Bruce,
Thinking of how large the oceans are, it is somewhat reassuring to read your words of insight, as I am a civil engineer and not an oceanographer. Nevertheless, the paleo-examples that you point to do not include any anthropogenic forcing, which to my mind does not only include GHG emissions at rates over 6-times faster than the Earth has ever experienced but also: pollution, over-fishing, de-forestation, and extensive erosion. Per the following extract & the first image from Robert Scribbler's article from June 4 2015, nutrient driven dead zones are expanding along the various coastlines of the world.
Extract: "The world ocean is now a region of expanding oxygen-deprived dead zones.
It’s an upshot of a human-warmed ocean system filled with high nutrient run-off from mass, industrialized farming, rising atmospheric nitrogen levels, and increasing dust from wildfires, dust storms, and industrial aerosol emissions. Warming seas hold less oxygen in solution. And the nutrient seeding feeds giant algae blooms that, when they die and decompose, further rob ocean waters of oxygen. Combined, the two are an extreme hazard to ocean health …"
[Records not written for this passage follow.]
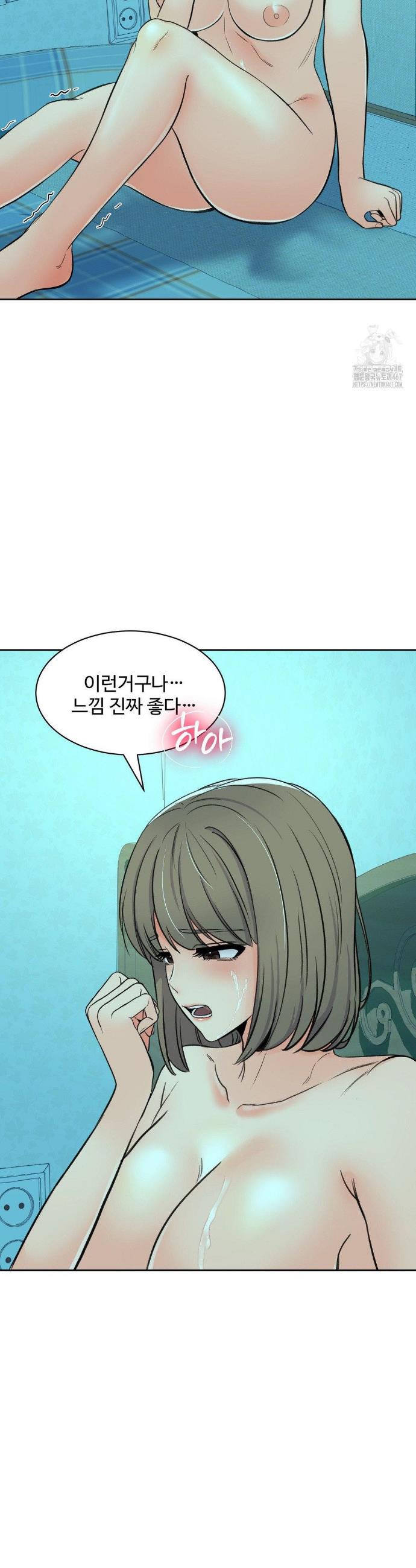 1736971833750m1a5ji8uqea.jpg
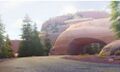 Thumbnail for version as of 17:06, 30 March 2024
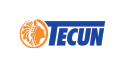 tecun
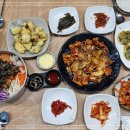 동피랑쭈굴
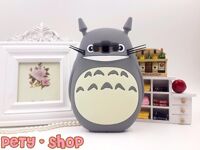 Ốp Totoro 3D Samsung A7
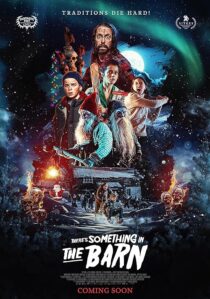 دانلود فیلم There’s Something in the Barn 2023382773-695809875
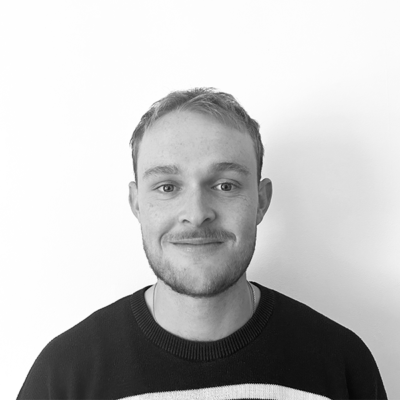 Matt Rea profile photo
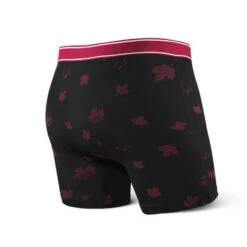 SAXX Vibe Boxer Brief Canadiana -Hockey Supremacy SXBM35 CDA B PDP FINAL x1450 ad3f582e 7127 46a4 b383 9f4f970daf1a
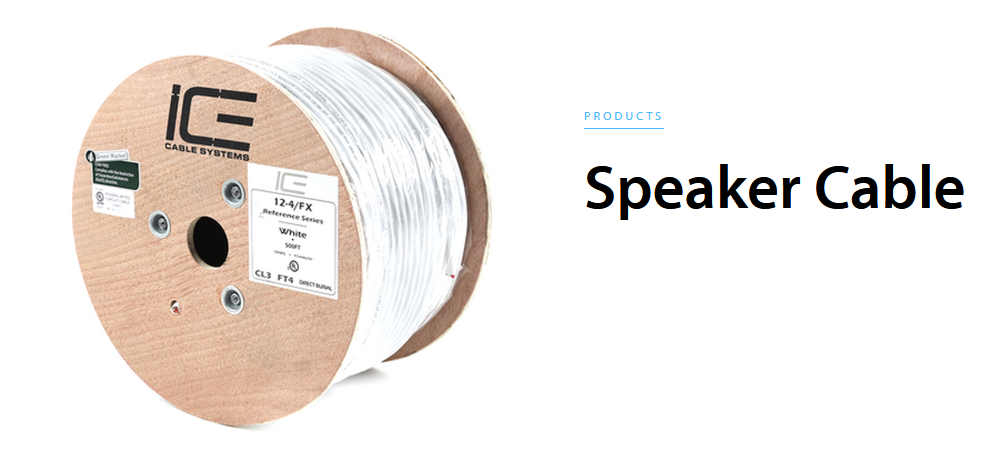 act-services-mounts-cables-slider2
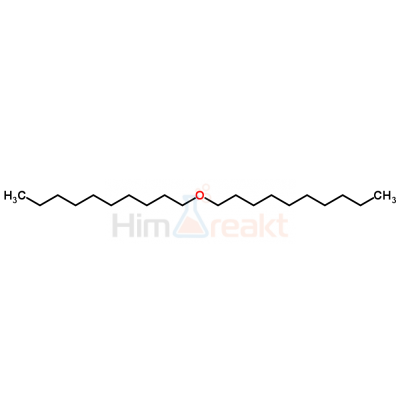 Ди-N-децил эфир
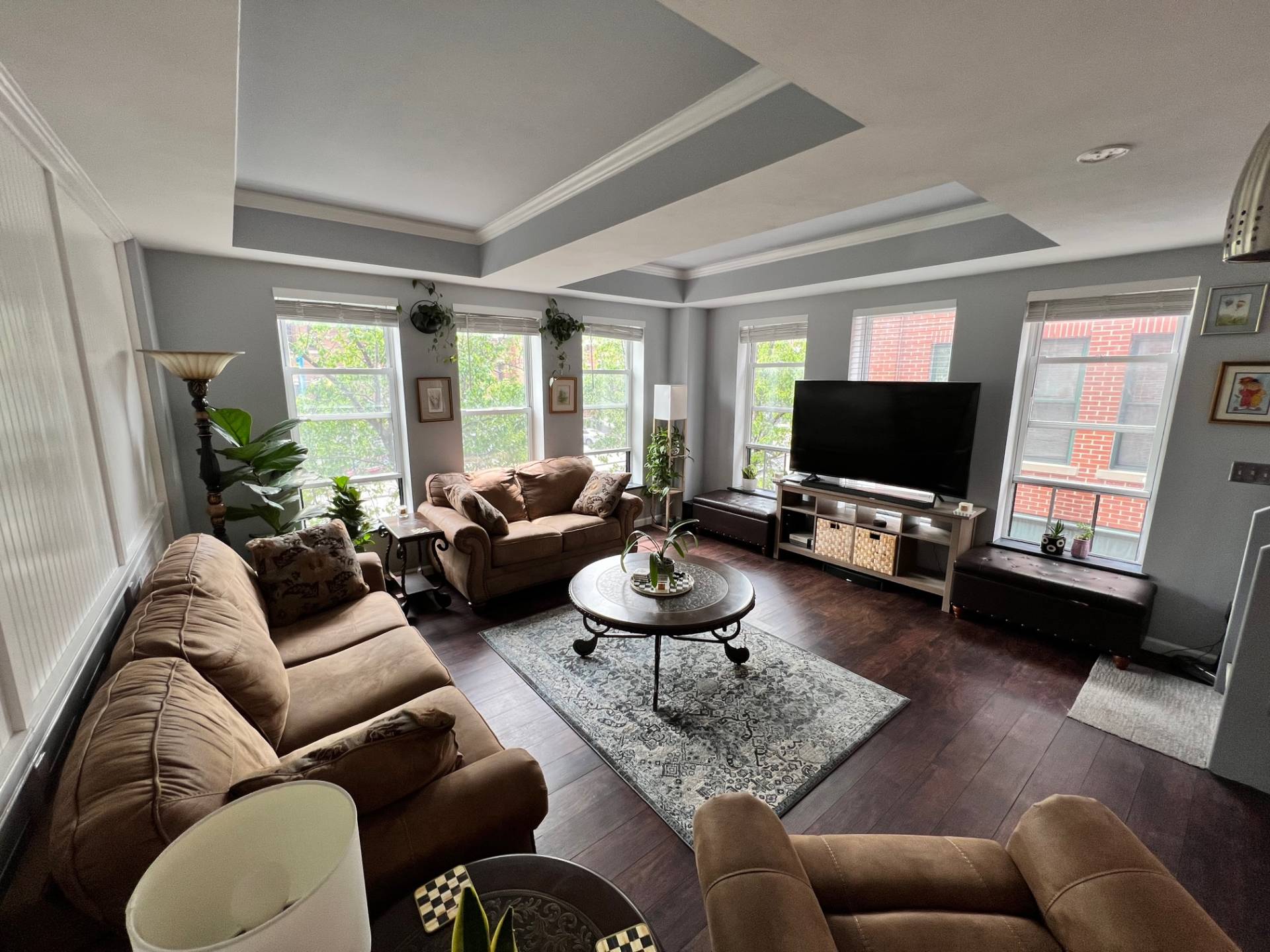 #48 photo, 133 Walton St, #Townhouse 129, Syracuse , NY 13202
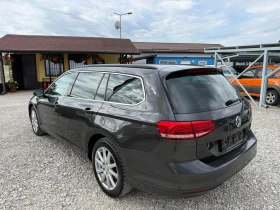 VW Passat 2, 0 TDI НОВ ВНОС !! ЕВРО 6 !! | Auto.bg — изображение 5 VW Passat 2, 0 TDI НОВ ВНОС !! ЕВРО 6 !! | Auto.bg — изображение 5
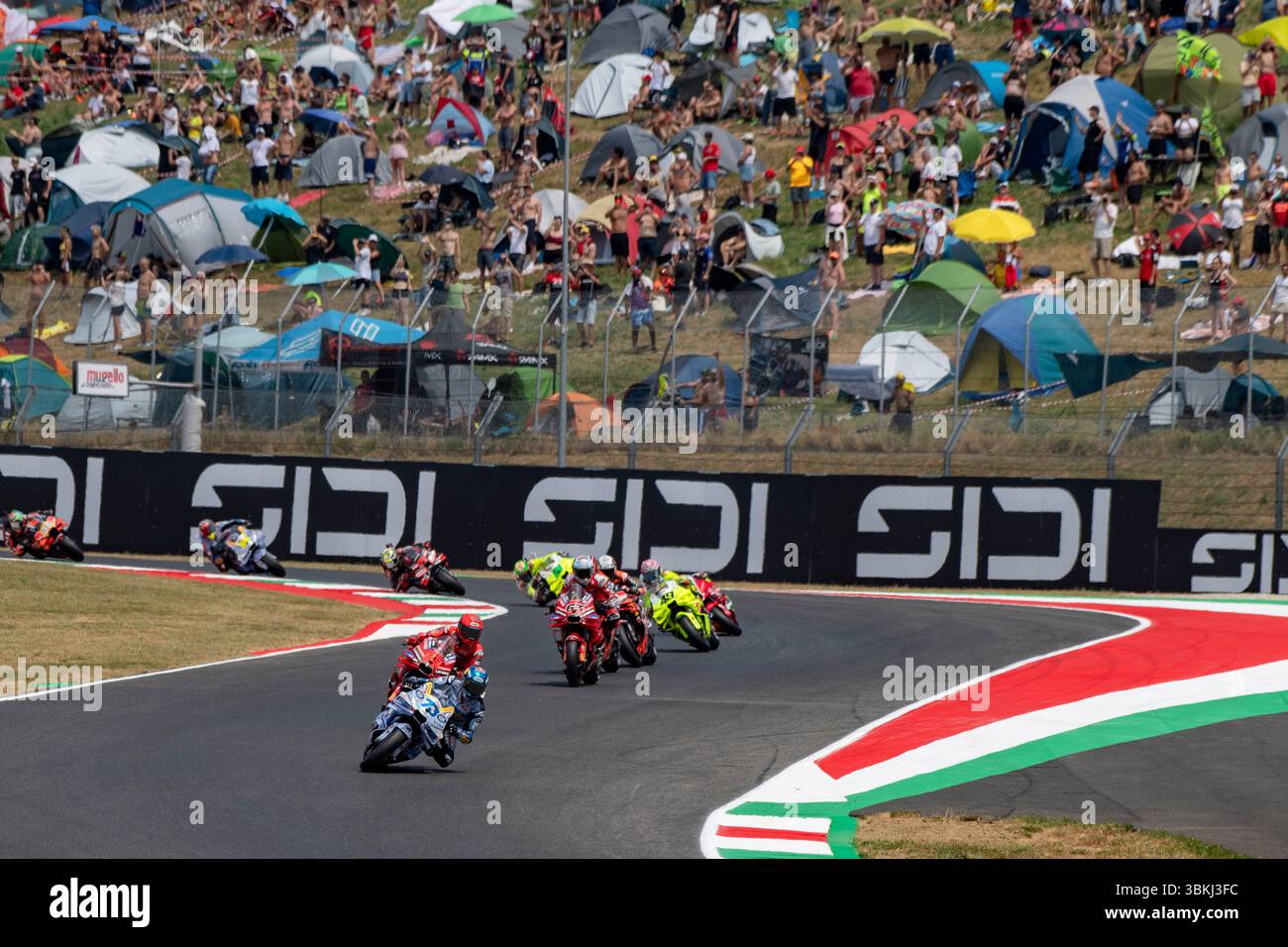 Schone Moto Gp Mugello Bildnull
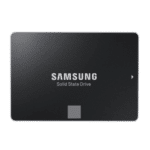 Samsung MZ-75E500B 1000 GB
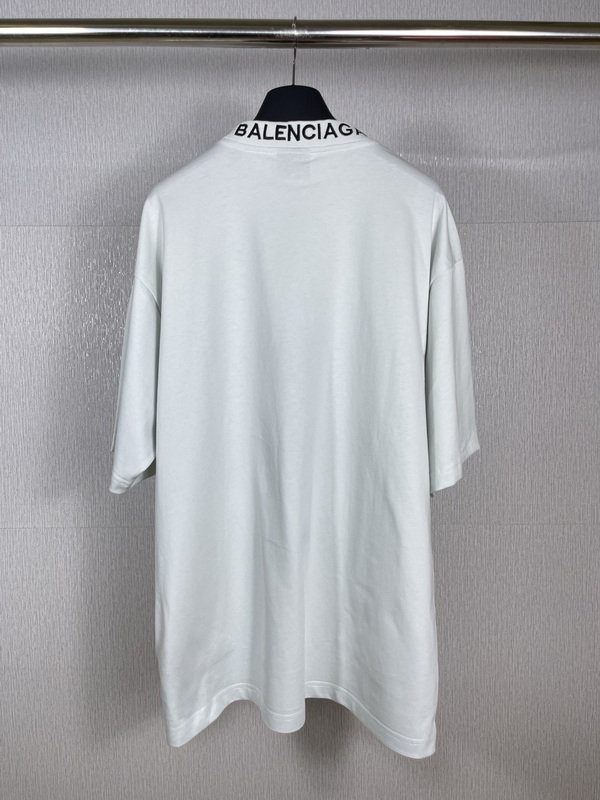 Balenciaga T-shirts-674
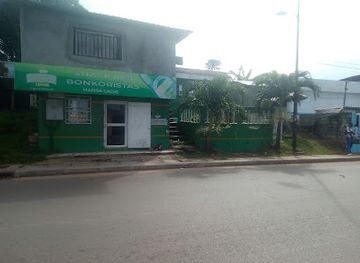 equatorial-guinea/litoral/bar/buddha-lounge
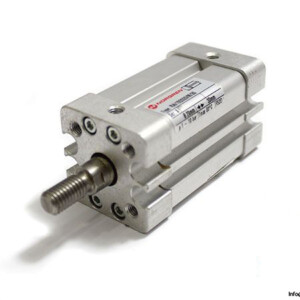norgren-RA_192020_M_30-compact-cylinder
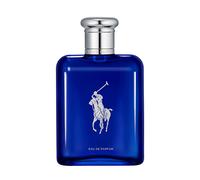 ¡55% DTO! Polo Blue Eau de Parfum 75 ml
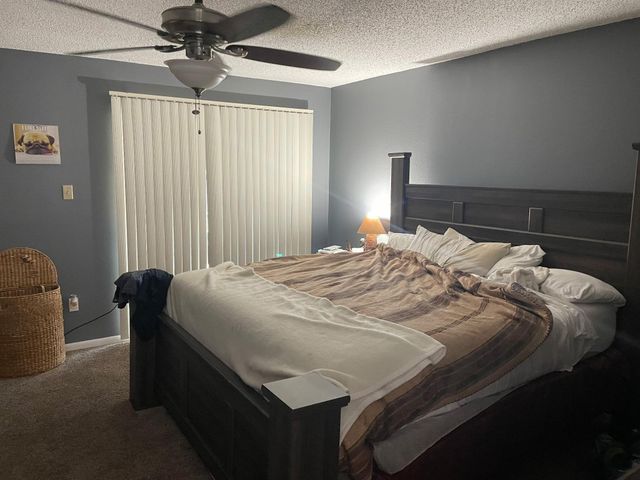 12903 Avenida Vaquero Street, Houston, TX 77077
Also per the following EGU & Biogeoscience links such dead zones are now moving from the coastlines into eddies in the middle of the ocean:
http://www.egu.eu/news/165/dead-zones-found-in-atlantic-open-waters/Extract: "A team of German and Canadian researchers have discovered areas with extremely low levels of oxygen in the tropical North Atlantic, several hundred kilometres off the coast of West Africa. The levels measured in these ‘dead zones’, inhabitable for most marine animals, are the lowest ever recorded in Atlantic open waters. The dead zones are created in eddies, large swirling masses of water that slowly move westward. Encountering an island, they could potentially lead to mass fish kills. The research is published today in Biogeosciences, an open access journal of the European Geosciences Union (EGU)."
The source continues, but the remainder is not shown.